_Activity_
Type the records that follow again exactly as written, but drop the pictures.

────────────────────

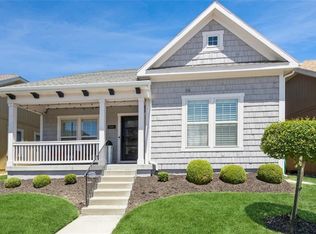 506 E 31st Ave, Kansas City, MO 64116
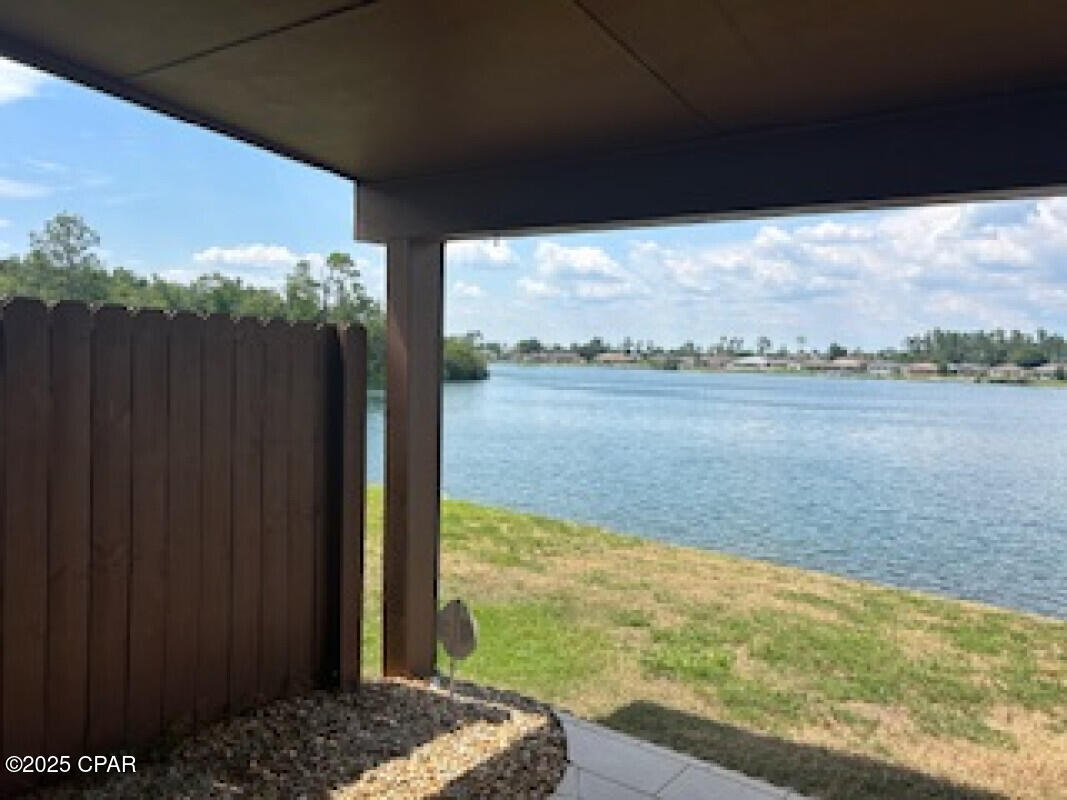 Image 20 For 125 Marin Drive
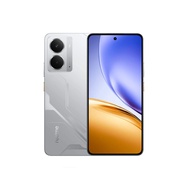 Realme 14 6.67" Unlocked 5G Smartphone Snapdragon® 6 Gen 4 IP69 120Hz AMOLED 6000mAh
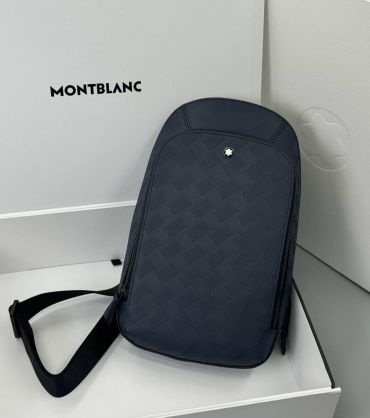 Слинг  MONT BLANC LUX-128601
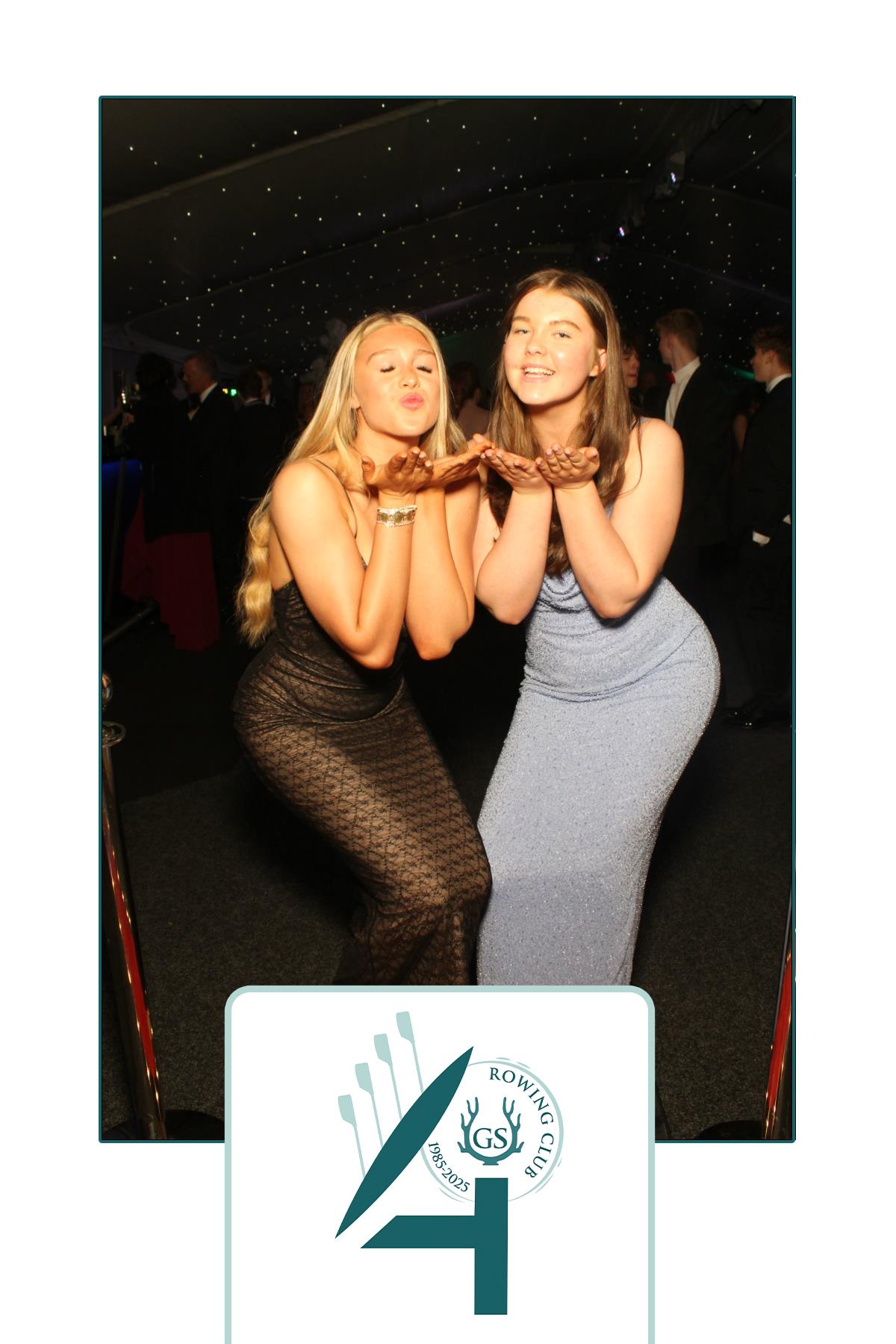 Grange School Rowing Ball 2025 | View more photos from the event at gallery.liverpoolselfiemirror.co.uk/u/LiverpoolSelfieMirror/Grange-School-Rowing-Ball-2025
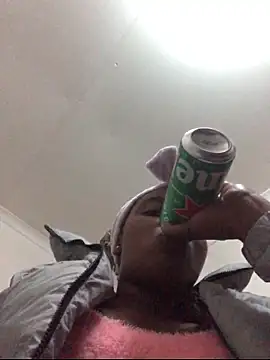 Snapshot of showmeasign chatting on September 29, 2025, 9:09 pm showmeasign online show from September 29, 2025, 9:09 pm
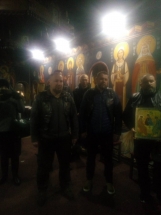 IMG-b4f46fe49f0539d24cde388d49f63a2b-V IMG-b4f46fe49f0539d24cde388d49f63a2b-V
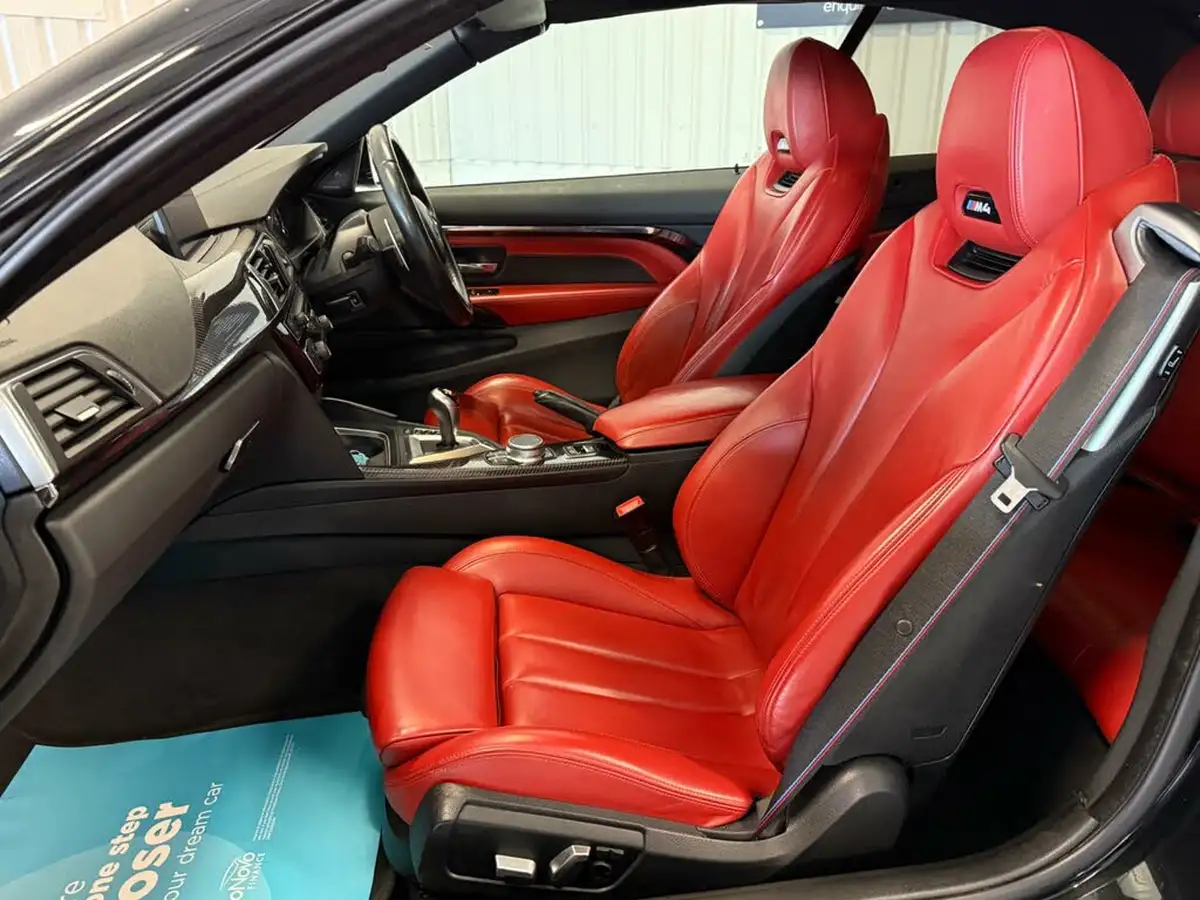 2019-bmw-4-series-30-m4-444bhp-competition-packss-convertible-m-dct-big-11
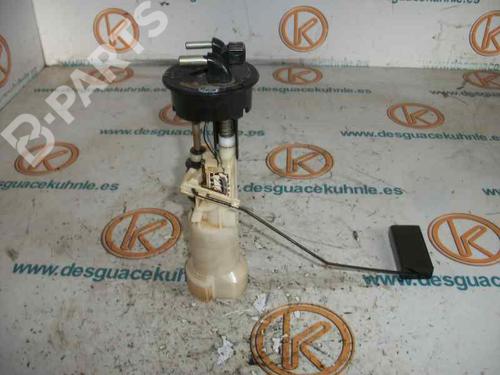 Used Fuel pump SEAT CORDOBA (6K1, 6K2) 1.9 D (68 hp) 2460802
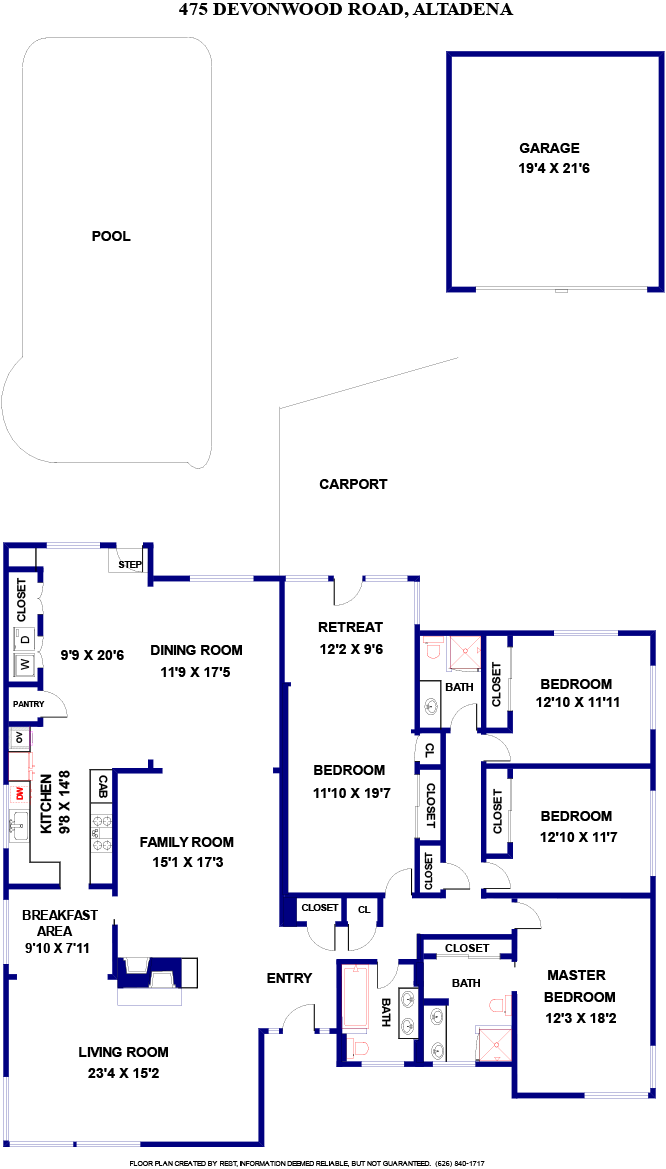 floorplan.png
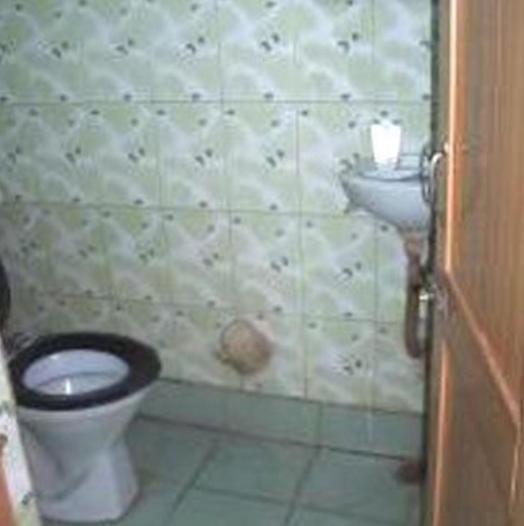 Capital Guest House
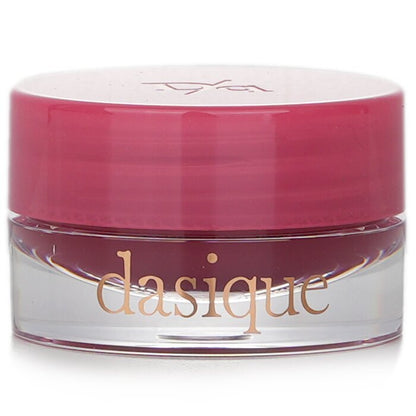 Dasique Fruity Lip Jam -  09 Lychee Jam 4g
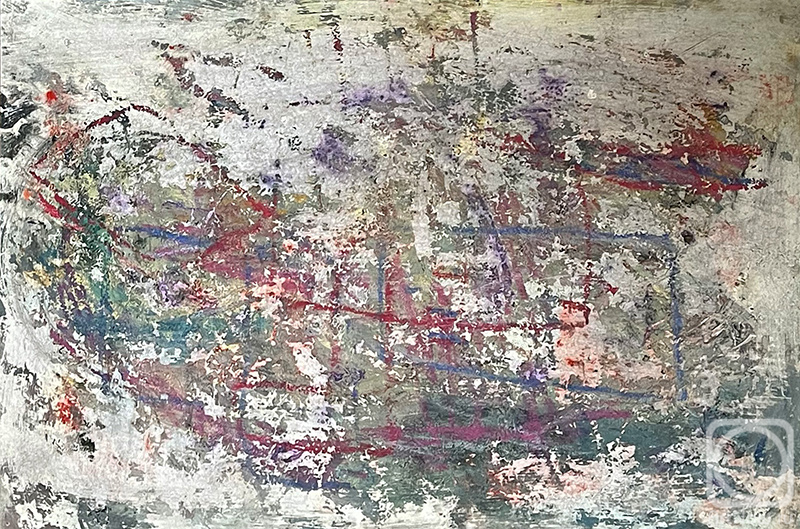 �������. ������ �������. ������ ��� �������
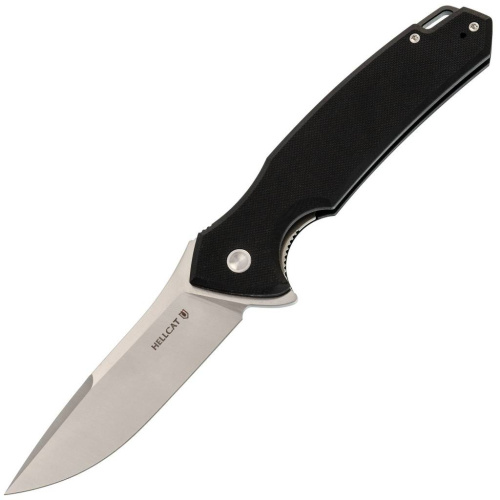Складной нож Mr.Blade Hellcat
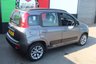 USED 2019 19 FIAT PANDA 1.2 Lounge Hatchback 5dr Petrol Manual Euro 6 (s/s) (69 bhp) ONLY 28,000 MILES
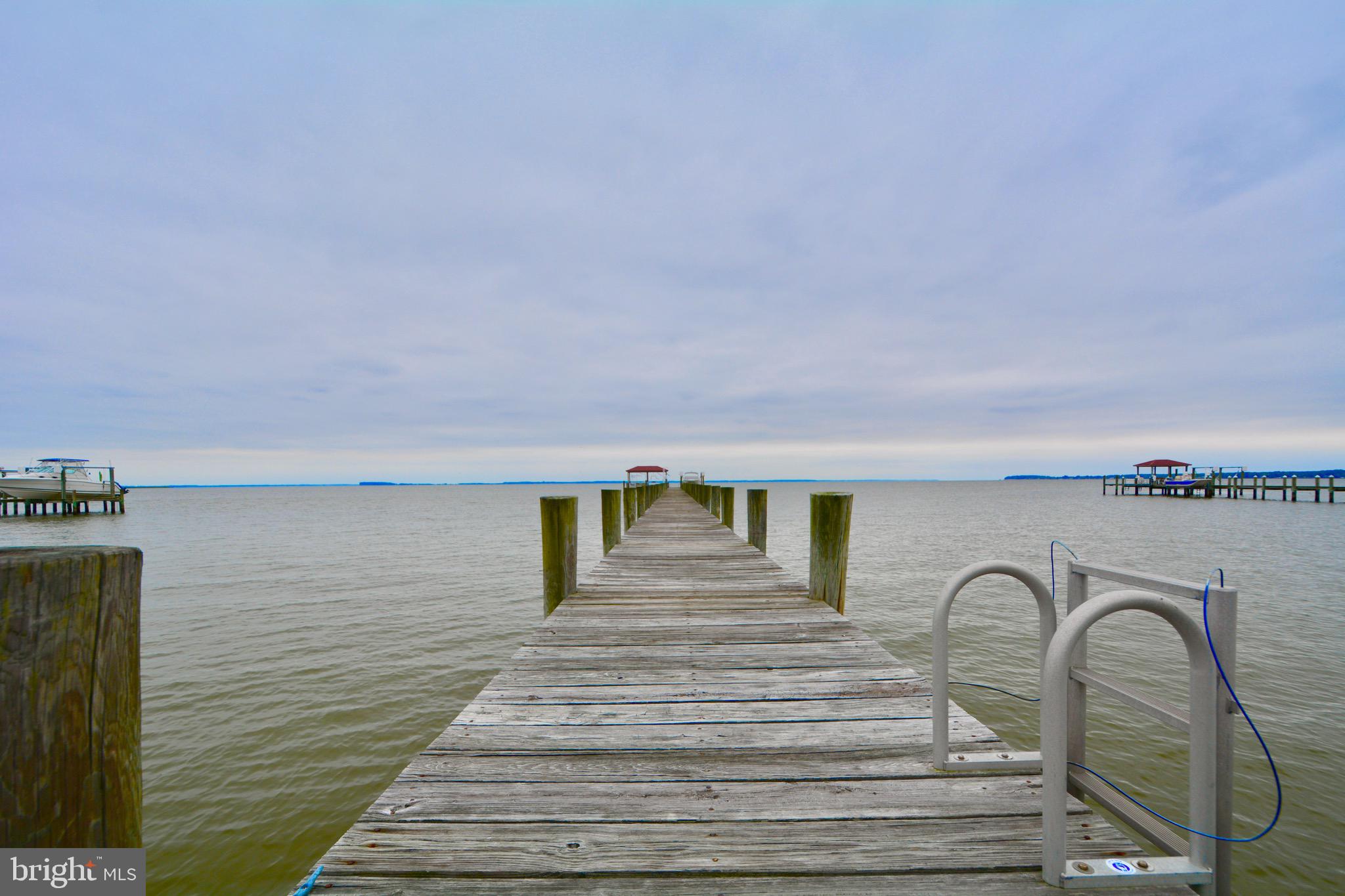 260 Eareckson Lane Stevensville, MD 21666 - Photo 82 of 101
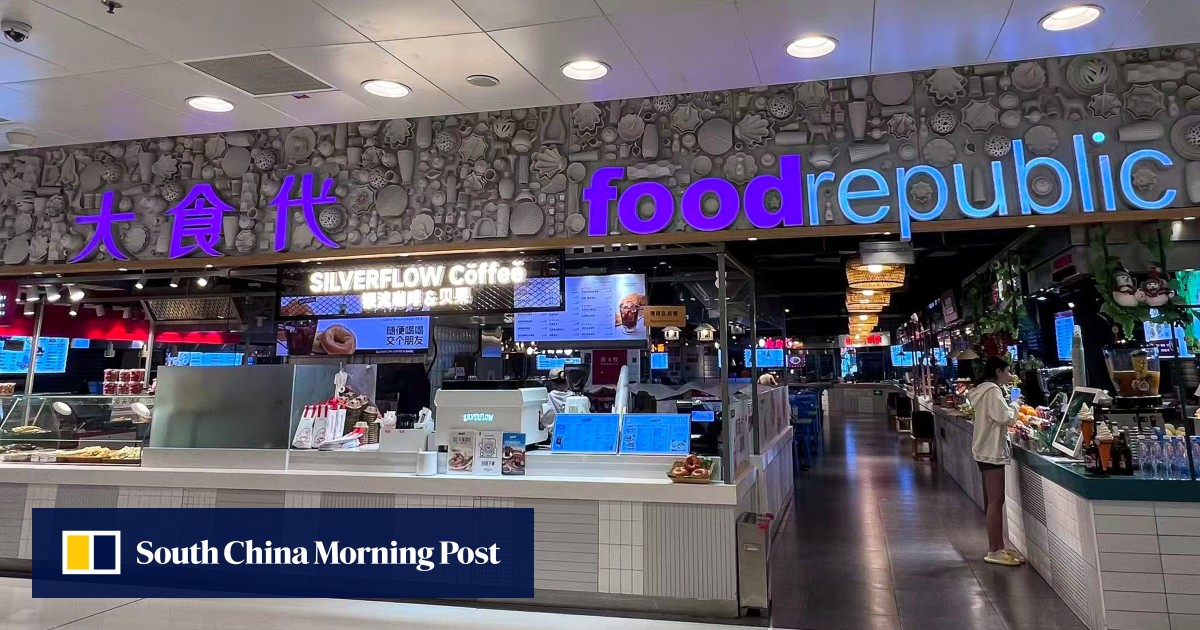https://cdn.i-scmp.com/sites/default/files/styles/og_image_scmp_generic/public/d8/images/canvas/2026/06/02/f98db495-c291-45ce-84ca-ed7f3c0ff261_97812aef.jpg?itok=SO0WaKLd&v=1780355106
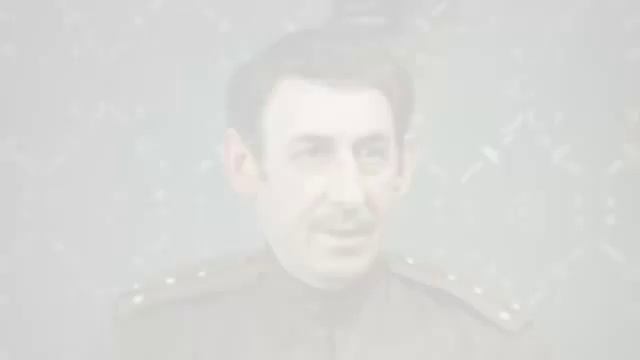 Высоцкий на иврите - Случай в ресторане (М.Эпельзафт) | פגישה במסעדה, ויסוצקי смотреть онлайн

────────────────────

_Final answer_
 506 E 31st Ave, Kansas City, MO 64116
 Image 20 For 125 Marin Drive
 Realme 14 6.67" Unlocked 5G Smartphone Snapdragon® 6 Gen 4 IP69 120Hz AMOLED 6000mAh
 Слинг  MONT BLANC LUX-128601
 Grange School Rowing Ball 2025 | View more photos from the event at gallery.liverpoolselfiemirror.co.uk/u/LiverpoolSelfieMirror/Grange-School-Rowing-Ball-2025
 Snapshot of showmeasign chatting on September 29, 2025, 9:09 pm showmeasign online show from September 29, 2025, 9:09 pm
 IMG-b4f46fe49f0539d24cde388d49f63a2b-V IMG-b4f46fe49f0539d24cde388d49f63a2b-V
 2019-bmw-4-series-30-m4-444bhp-competition-packss-convertible-m-dct-big-11
 Used Fuel pump SEAT CORDOBA (6K1, 6K2) 1.9 D (68 hp) 2460802
 floorplan.png
 Capital Guest House
 Dasique Fruity Lip Jam -  09 Lychee Jam 4g
 �������. ������ �������. ������ ��� �������
Складной нож Mr.Blade Hellcat
 USED 2019 19 FIAT PANDA 1.2 Lounge Hatchback 5dr Petrol Manual Euro 6 (s/s) (69 bhp) ONLY 28,000 MILES
 260 Eareckson Lane Stevensville, MD 21666 - Photo 82 of 101
https://cdn.i-scmp.com/sites/default/files/styles/og_image_scmp_generic/public/d8/images/canvas/2026/06/02/f98db495-c291-45ce-84ca-ed7f3c0ff261_97812aef.jpg?itok=SO0WaKLd&v=1780355106
 Высоцкий на иврите - Случай в ресторане (М.Эпельзафт) | פגישה במסעדה, ויסוצקי смотреть онлайн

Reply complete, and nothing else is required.